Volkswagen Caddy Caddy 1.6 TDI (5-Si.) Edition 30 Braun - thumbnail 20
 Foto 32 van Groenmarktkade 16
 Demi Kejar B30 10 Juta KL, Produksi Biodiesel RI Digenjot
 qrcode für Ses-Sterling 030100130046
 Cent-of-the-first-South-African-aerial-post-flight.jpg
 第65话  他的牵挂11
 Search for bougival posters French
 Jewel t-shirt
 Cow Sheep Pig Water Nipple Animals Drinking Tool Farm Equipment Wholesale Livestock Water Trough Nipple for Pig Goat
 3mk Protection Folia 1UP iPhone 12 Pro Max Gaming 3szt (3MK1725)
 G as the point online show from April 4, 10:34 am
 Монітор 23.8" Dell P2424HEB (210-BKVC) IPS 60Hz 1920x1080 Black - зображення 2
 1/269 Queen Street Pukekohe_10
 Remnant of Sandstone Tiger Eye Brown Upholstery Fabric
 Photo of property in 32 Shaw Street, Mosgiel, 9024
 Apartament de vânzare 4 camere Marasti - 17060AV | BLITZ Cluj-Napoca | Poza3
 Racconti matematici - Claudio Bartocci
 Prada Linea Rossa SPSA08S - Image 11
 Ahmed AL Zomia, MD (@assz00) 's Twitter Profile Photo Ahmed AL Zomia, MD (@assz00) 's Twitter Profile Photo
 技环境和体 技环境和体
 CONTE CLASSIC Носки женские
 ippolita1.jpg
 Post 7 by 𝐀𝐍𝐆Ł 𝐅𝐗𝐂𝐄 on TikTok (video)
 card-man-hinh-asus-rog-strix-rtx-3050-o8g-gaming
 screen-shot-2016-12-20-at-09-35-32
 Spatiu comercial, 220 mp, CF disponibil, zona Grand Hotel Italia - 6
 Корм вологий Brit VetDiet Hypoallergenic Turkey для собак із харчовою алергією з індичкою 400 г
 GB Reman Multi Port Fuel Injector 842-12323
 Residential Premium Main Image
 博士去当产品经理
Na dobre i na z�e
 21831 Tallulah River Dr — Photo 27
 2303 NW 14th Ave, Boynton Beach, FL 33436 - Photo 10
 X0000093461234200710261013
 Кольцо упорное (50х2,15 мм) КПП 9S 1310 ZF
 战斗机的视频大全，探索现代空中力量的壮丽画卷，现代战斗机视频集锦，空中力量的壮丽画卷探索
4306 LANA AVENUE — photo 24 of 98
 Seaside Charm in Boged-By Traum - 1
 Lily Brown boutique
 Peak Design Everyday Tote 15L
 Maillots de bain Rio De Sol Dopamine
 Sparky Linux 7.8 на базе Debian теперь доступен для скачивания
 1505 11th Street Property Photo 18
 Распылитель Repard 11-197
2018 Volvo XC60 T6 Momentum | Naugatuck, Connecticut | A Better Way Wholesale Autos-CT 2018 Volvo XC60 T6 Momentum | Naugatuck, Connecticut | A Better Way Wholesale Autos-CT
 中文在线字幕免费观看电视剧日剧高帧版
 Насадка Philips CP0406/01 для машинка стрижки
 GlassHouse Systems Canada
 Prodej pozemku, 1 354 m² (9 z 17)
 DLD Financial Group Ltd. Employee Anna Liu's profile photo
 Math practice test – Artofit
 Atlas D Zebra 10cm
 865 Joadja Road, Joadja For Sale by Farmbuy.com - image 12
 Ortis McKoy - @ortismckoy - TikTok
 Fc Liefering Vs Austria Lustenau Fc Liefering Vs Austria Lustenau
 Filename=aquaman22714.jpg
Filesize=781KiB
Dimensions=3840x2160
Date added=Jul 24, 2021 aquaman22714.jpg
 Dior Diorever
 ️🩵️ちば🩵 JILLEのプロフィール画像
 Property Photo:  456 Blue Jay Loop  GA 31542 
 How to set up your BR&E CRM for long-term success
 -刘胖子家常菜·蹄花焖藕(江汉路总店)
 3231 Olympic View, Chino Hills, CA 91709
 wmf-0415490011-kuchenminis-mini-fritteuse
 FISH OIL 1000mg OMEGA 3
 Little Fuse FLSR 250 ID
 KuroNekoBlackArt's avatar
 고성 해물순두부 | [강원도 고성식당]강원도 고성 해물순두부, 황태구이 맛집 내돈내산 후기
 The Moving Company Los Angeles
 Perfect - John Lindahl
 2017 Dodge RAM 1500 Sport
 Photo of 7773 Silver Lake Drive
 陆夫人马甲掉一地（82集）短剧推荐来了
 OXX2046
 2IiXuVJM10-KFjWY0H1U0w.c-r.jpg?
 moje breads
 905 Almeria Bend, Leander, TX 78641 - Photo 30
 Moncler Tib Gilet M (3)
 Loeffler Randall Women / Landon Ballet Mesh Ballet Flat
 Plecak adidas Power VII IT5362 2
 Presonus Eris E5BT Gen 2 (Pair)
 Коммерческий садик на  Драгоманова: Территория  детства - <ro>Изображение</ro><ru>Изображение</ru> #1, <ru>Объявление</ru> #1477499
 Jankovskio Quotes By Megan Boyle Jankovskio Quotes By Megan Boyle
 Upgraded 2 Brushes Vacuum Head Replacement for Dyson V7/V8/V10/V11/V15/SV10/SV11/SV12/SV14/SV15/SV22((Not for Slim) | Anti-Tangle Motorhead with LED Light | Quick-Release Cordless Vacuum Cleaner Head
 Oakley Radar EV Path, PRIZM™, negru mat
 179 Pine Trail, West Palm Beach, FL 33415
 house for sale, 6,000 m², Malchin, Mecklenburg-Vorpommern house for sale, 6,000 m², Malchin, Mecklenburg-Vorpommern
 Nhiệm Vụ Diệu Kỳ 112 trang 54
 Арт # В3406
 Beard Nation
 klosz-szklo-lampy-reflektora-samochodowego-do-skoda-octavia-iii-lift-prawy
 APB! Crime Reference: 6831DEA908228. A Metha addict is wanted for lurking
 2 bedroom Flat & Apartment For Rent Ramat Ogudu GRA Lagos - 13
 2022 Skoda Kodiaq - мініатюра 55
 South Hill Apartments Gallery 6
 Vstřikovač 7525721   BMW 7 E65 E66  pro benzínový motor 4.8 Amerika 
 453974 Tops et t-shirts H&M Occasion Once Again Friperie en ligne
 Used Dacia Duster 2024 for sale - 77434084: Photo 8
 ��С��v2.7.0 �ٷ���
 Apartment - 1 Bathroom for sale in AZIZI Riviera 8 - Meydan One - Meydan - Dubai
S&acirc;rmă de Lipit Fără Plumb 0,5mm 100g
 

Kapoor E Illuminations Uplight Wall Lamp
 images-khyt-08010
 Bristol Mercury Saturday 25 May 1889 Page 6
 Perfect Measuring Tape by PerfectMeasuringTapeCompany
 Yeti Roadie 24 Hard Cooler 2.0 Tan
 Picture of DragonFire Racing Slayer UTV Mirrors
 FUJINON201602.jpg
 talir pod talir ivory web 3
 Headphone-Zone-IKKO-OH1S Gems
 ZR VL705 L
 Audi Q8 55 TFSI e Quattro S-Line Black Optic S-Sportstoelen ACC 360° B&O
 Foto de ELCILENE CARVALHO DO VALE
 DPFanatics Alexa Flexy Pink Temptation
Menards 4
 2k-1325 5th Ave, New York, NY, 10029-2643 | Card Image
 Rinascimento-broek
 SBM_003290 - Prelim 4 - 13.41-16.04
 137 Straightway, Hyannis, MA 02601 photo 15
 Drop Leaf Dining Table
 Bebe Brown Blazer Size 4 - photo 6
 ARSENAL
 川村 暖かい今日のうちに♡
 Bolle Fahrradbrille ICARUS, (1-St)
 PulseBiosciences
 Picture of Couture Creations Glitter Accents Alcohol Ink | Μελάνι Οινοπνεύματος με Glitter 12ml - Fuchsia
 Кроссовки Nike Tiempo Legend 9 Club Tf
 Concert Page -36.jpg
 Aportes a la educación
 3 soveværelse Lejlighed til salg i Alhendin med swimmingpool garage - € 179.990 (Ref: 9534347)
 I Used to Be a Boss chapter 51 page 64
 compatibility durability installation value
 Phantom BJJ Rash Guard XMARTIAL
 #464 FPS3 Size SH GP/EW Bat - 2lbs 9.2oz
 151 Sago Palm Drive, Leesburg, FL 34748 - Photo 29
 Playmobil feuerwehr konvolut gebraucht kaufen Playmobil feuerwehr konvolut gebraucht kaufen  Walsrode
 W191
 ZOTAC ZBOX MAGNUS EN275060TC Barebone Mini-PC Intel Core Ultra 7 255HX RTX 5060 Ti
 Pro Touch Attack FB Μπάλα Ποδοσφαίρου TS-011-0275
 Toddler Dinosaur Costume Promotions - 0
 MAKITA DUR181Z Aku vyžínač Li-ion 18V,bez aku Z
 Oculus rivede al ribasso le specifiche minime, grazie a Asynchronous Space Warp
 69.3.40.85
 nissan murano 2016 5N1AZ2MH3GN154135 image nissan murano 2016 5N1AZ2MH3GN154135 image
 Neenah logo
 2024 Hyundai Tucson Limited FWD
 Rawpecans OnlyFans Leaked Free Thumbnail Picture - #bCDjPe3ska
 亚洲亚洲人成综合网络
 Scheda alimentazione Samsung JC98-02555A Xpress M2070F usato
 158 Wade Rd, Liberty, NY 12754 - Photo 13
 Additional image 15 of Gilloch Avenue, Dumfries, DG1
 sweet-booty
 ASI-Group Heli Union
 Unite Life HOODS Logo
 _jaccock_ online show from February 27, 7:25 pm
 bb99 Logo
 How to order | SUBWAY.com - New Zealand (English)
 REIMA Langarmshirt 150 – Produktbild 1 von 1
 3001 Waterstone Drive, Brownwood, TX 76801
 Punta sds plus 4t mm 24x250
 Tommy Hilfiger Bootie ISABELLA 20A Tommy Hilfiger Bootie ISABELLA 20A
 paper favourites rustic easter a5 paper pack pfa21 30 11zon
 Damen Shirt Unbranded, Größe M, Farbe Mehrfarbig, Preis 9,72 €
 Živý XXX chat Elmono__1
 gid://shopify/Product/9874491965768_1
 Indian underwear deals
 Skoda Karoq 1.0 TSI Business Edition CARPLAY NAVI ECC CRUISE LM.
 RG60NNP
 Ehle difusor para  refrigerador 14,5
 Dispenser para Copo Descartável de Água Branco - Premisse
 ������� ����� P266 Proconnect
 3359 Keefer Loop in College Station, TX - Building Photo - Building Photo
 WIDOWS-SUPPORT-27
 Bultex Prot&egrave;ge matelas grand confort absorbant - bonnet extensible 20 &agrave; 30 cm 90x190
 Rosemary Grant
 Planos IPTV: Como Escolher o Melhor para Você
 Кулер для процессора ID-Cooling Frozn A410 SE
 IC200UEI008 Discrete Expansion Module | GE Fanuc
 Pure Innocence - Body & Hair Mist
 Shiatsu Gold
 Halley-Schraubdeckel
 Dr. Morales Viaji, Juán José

☆ ☆ ☆ ☆ ☆ ☆ ☆

| Action item |
Within the records, in how many lines does the string "show" occur? Give the number and no other text.

| Task output |
2